The walk up towards the other part of the common was quite muddy in places, with the previous rainy days creating their own channels across the paths or where animals had clearly congregated, but it was nowhere near as bad as the area surrounding Throngmoss, and I soon found myself at the top with a group of Herdwick sheep to welcome me as I arrived. With The Old Man Of Coniston and the surrounding fells standing proud to my right, I slowly veered towards the left and approached the two tarns. One of the Herdwicks that greeted me at the top of the common followed me along to the principle land of the common, stopping every time I looked behind me, but its little footsteps could be heard in tandem with mine once I continued on my way. As Long Moss came into view and I veered to walk along the Western side of it, the little Herdwick joined a group that were grazing on the drier patches of grass and I was glad to have helped it reunite with its friends! As was expected, quite a bit of this ground was boggy so I ended up talking a longer route around Long Moss, and although I didn't go to its waters edge, I did get some fantastic views of it peaking out in between the bumps and curves of the common. I did however get to wander around Kelly Hall Tarn, and get plenty of photographs of that wonderful tree residing on its edge! It's such a stunning little tarn, hidden away in plain sight and the perfect views of the Coniston fells behind it only adds to the magic! I really love this area as there is always something interesting to see, if not then you can rely on the tarns to set the ambience!

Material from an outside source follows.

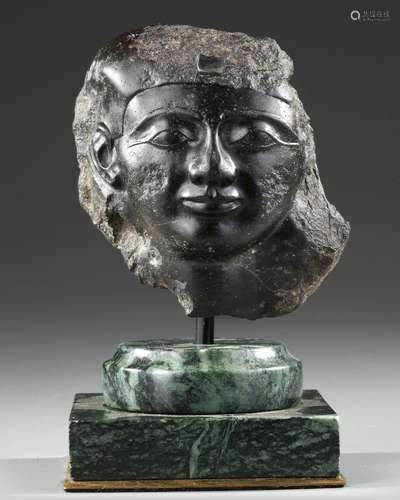 AN EGYPTIAN BLACK BASALT FRAGMENTARY HEAD OF A MALE, PTOLEMA...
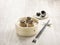 Steamed Beef Dumpling with Truffle served in a wooden bowl side view on grey marble background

Whilst I've been at home, I decided to set myself the task of going through every photograph I have taken (well, those saved since 2016!) as to find those I overlooked in editing first time, and to improve on my editing skills. I'm hardly an expert in editing, not that I'd really call it that as I usually just colour or shadow adjust so that the photograph matches what my eye caught - no fake filter fakery or cheap trickshots here - but I have definitely improved in my eye for making the photographs reflect reality. Going through these photographs have really helped with my confidence, especially those photos taken in 2019 which was a year where I was really unhappy with my final products from walks that year. With 2020 being the whirlwind that it was, mentally 2019 can feel like only months ago but looking over my work has shown me how I have improved in a matter of months alone. Sometimes I feel that my photos are boring, but as mentioned before I try to capture the true essence of the scene in front of me, so although those people who spend ages fiddling with settings or camera tricks for just one shot get a lot of love and feedback, I'd rather be true to myself and stick to my 'scene over style' nature photography. These photographs encapsulate the memories and experiences I myself had when walking/taking them, as opposed to some photographs which are forced moments of tranquillity, and that is what is important to me.

Well, after the year we have all had, we can only hope for better days to come in 2021!